| Instructions to follow |
Retype each line below precisely and omit all images.

| Supplied entries |
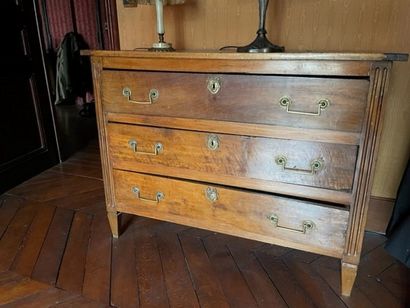Walnut chest of drawers with three drawers,...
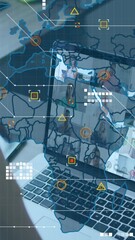 Poster - Animation of network of connections and social media notifications over vr headset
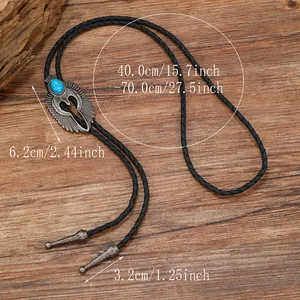 Vintage bolo tie με αετό και τιρκουάζ σε ρυθμιζόμενο μαύρο δερμάτινο πλεκτό σχοινί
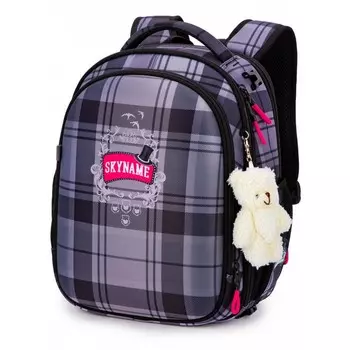 Рюкзак каркасный 37 х 29 х 18 см, + мешок для обуви, брелок, SkyName R4, фиолетовый R4-426-M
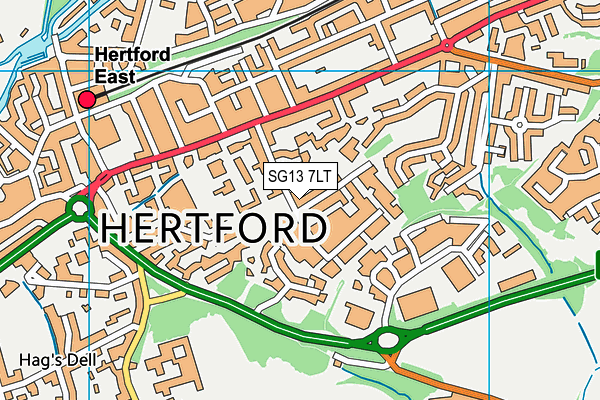 SG13 7LT map - OS VectorMap District (Ordnance Survey)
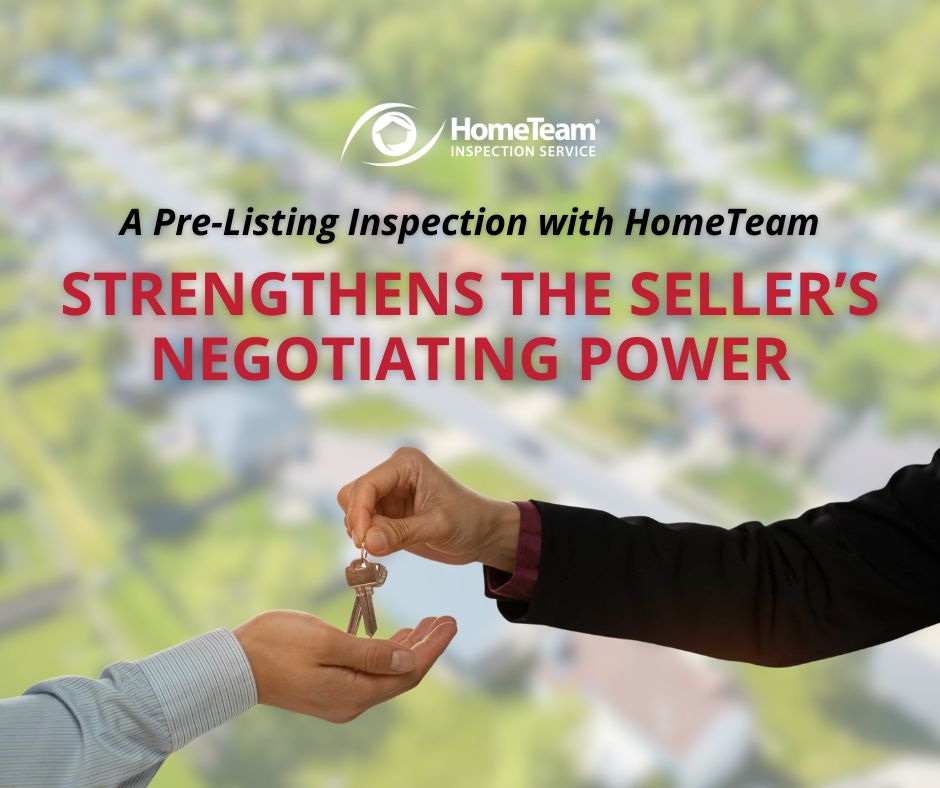 A graphic showing one hand passing house keys to another over a blurred residential background, with text stating that a pre-listing inspection strengthens a seller’s negotiating power.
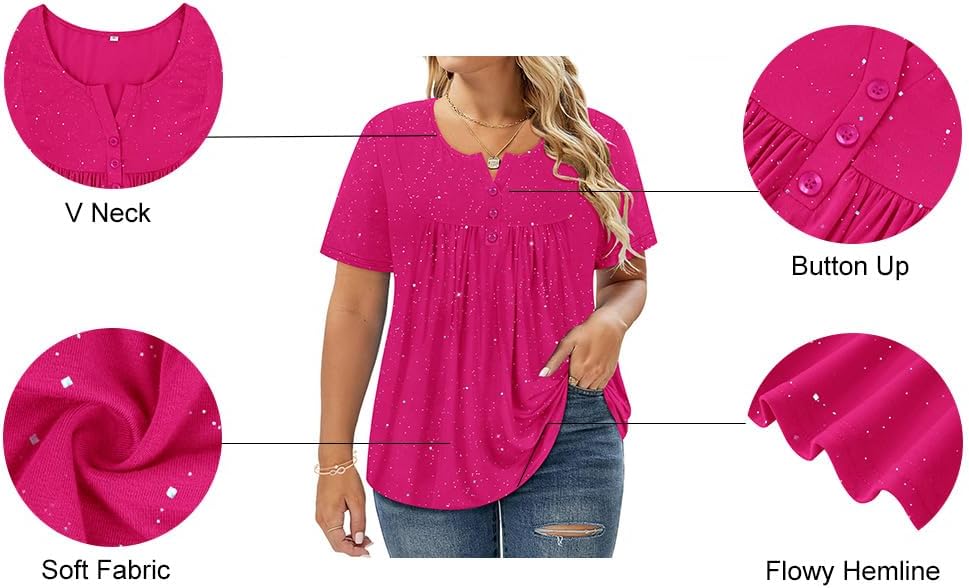 RITERA Women’s Plus Size Casual Tops V Round Neck Tshirts Blouse for Women Girls Basic Summer Black Tops Solid Color XL 5XL - Image 6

| Written answer |
Walnut chest of drawers with three drawers,...
 Poster - Animation of network of connections and social media notifications over vr headset
 Vintage bolo tie με αετό και τιρκουάζ σε ρυθμιζόμενο μαύρο δερμάτινο πλεκτό σχοινί
 Рюкзак каркасный 37 х 29 х 18 см, + мешок для обуви, брелок, SkyName R4, фиолетовый R4-426-M
 SG13 7LT map - OS VectorMap District (Ordnance Survey)
 A graphic showing one hand passing house keys to another over a blurred residential background, with text stating that a pre-listing inspection strengthens a seller’s negotiating power.
 RITERA Women’s Plus Size Casual Tops V Round Neck Tshirts Blouse for Women Girls Basic Summer Black Tops Solid Color XL 5XL - Image 6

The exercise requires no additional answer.